It didn’t take long for her to adapt to the winning “mentality” that was at the center of the organization. She explains, “You step into an environment where winning is the expectation all the time. It’s deeply engrained in U.S. soccer.” Coaches, players, and pundits alike often described her as versatile and one of the most complete players on the team. This reliability to get the job done made her a player that could rotate from playing center midfield to outside back. Chalupny started 11 of the team’s 12 matches at the 2007 World Cup and 2008 Olympics, where she helped lead the team to a Gold Medal.

Unfortunately, after the 2008 Olympics, Chalupny’s career was slowed by concussions. While the U.S. Soccer Federation told her she had to step down from the USWNT, she was allowed to play for professional teams including St. Louis Athletica, the Atlanta Beat, and the Chicago Red Stars in the Women’s Premier Soccer League (WPSL). But it was in 2014 where Lori Chalupny got a second chance at playing on the world’s biggest stage. After determining she was safe to return to play, Chalupny was asked to join the USWNT yet again for another World Cup trophy-run. Despite the concussion issues that almost sidelined her, she fought back and was able to lift the World Cup trophy in Canada in 2015. She proved to herself, her teammates, and coaches, and the world that if you put in the work, you can mentally and physically overcome the obstacles in your path.

She’ll Never Forget St. Louis 

Lori Chalupy is a World Cup Champion, an Olympic Gold Medalist, a St. Louis Soccer Hall of Fame member, and now a U.S. Soccer Hall of Fame nominee… and yet, the one moment that stands out in her celebrated international career is one that took her back to St. Louis.

The 2015 international friendly against New Zealand in St. Louis will be a match she will always remember. The first half showed how solid the U.S. team’s back four were, including another local star, Becky Sauerbrunn. Going into the second half, the USWNT held onto a 1-0 lead. It was at the 57th minute where Lori Chalupny was able to take the field in front of an electric crowd, anxious for another goal.
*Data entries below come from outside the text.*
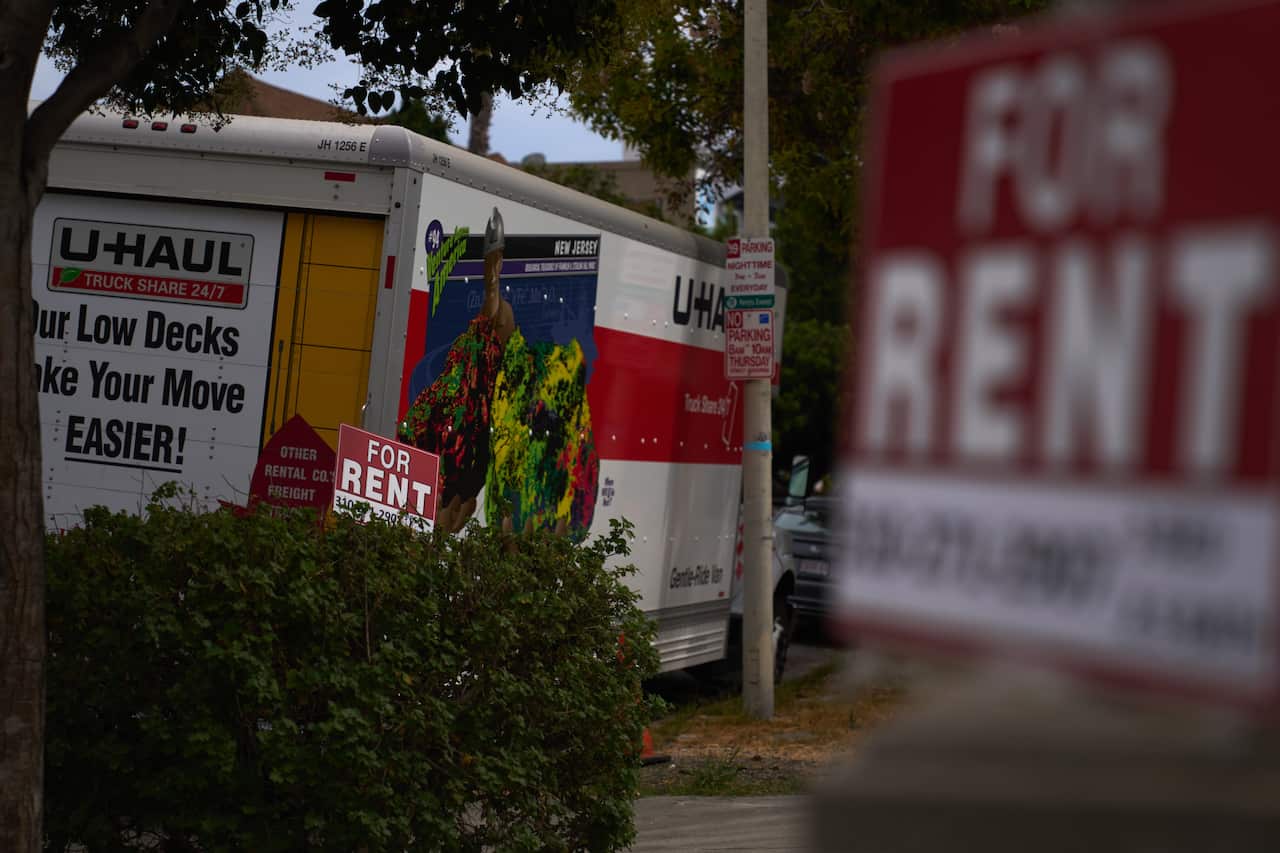 A truck with a logo that reads "U-Haul" is parked next to a "For Rent" sign.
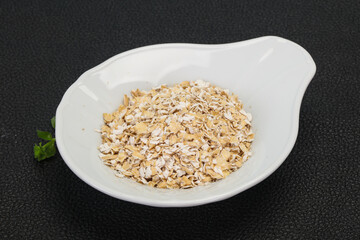 Raw oats in the bowl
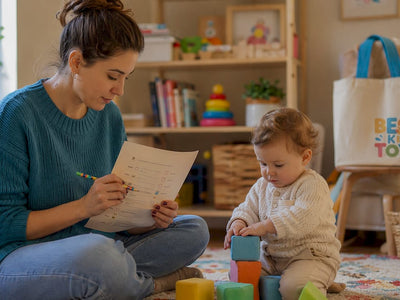 Mother reviewing child milestone checklist at home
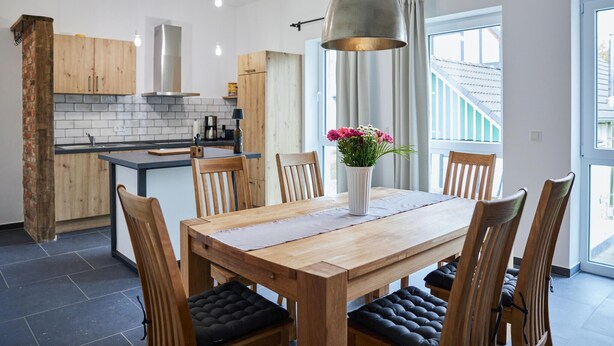 A modern kitchen with wooden cabinets, a central island, and a dining area with a wooden table and chairs.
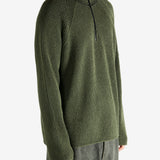 Green shirt worn by a person, showing the shirt's fit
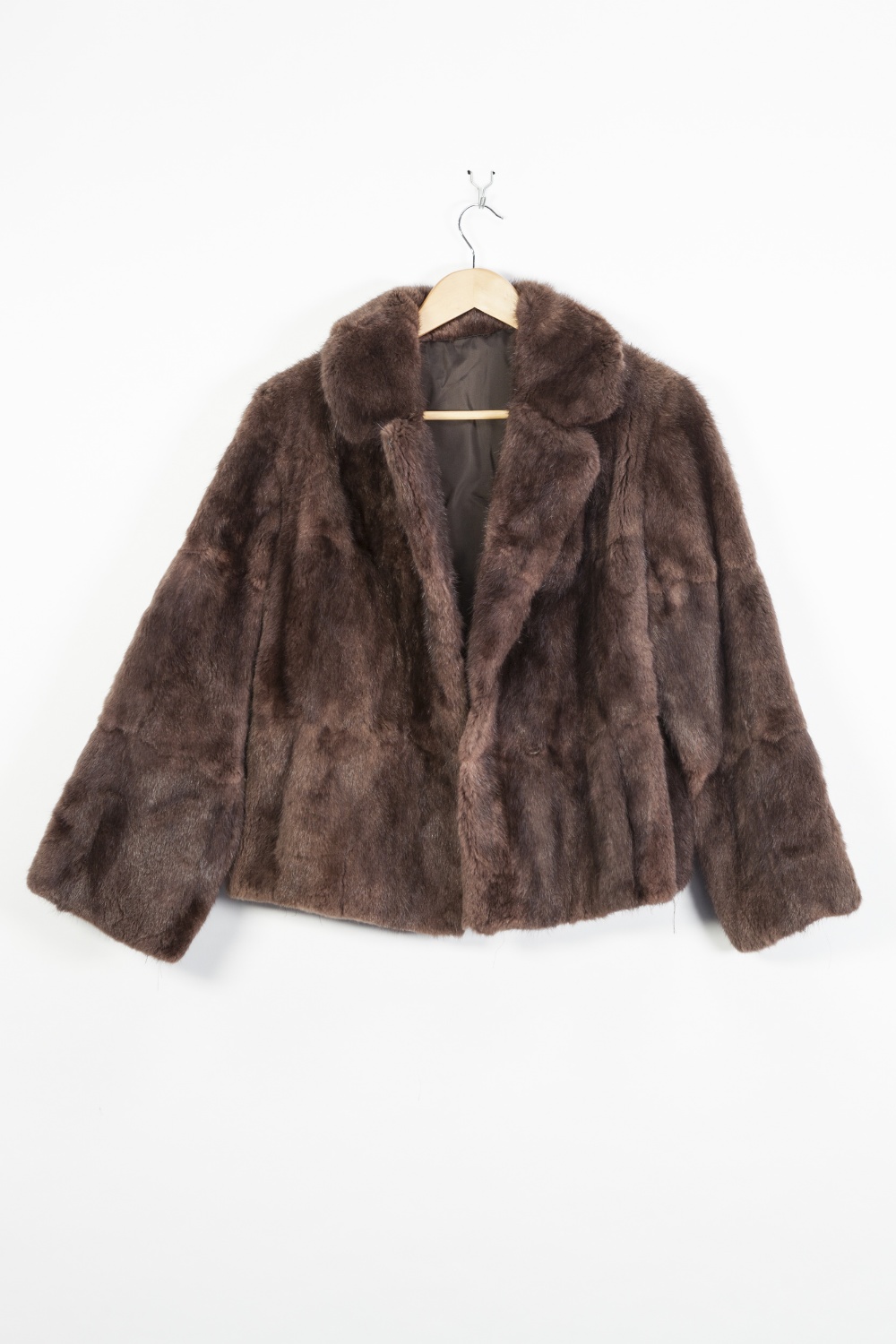 LADIES NATURAL MINK SHORT CAPE, cut with two vents, ANOTHER SLIGHTLY DARKER AND A LADIES SHORT FUR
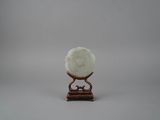 une sculpture en jade blanc représentant une fleur, posée sur un socle en bois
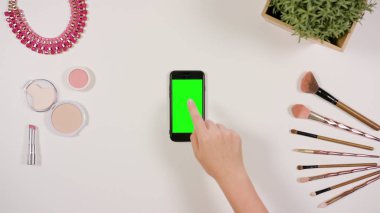 Bir Smartphone ile yeşil bir ekran dokunaklı bir parmak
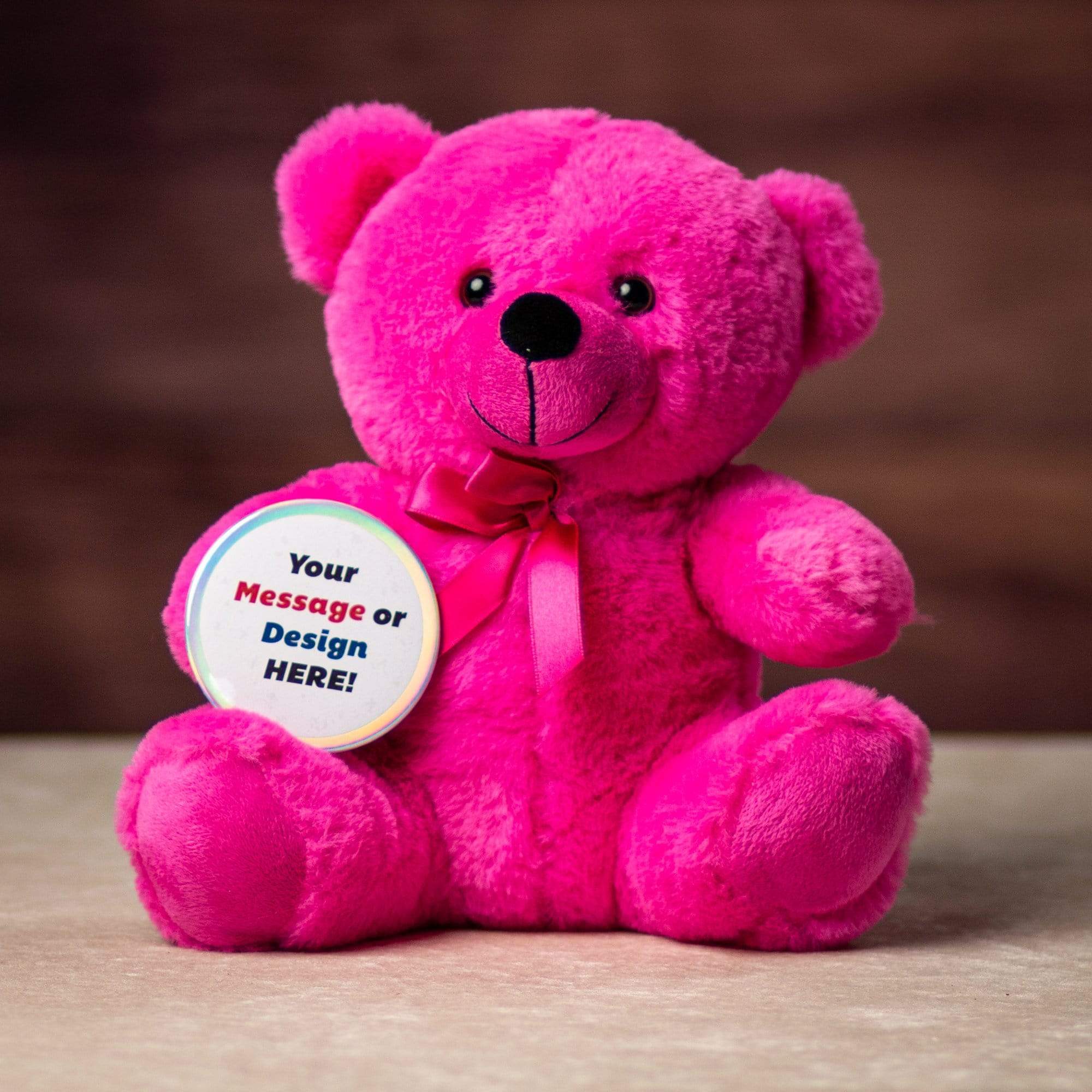 A pink bear holding a rainbow button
Big thrill for the #USWNT's two St. Louis natives to be on the field at Busch Stadium today. #Becky&Lori pic.twitter.com/ExREaKz47t

— U.S. Soccer WNT (@USWNT) April 3, 2015

There were many close attempts in the second half, but it was a quick short-corner by Megan Rapinoe at the end of the 74th minute that set up the play that would be the breakthrough that the team and crowd pined for. After getting the ball back and driving towards the box, Rapinoe split two defenders with an easy pass to Lori Chalupny who moved right inside the top left corner of the box. Julie Johnston (now, Julie Ertz) effectively screened the goalie who bobbed back and forth like a buoy in the water trying to decide which way to lean. It was a perfect setup for a calm and composed left-footed shot that curved into the near post.

And there it was. The moment that stands out from all the others for the St. Louis star.

“Scoring a goal at Busch Stadium. It’s a highlight moment. I’ll never forget it.”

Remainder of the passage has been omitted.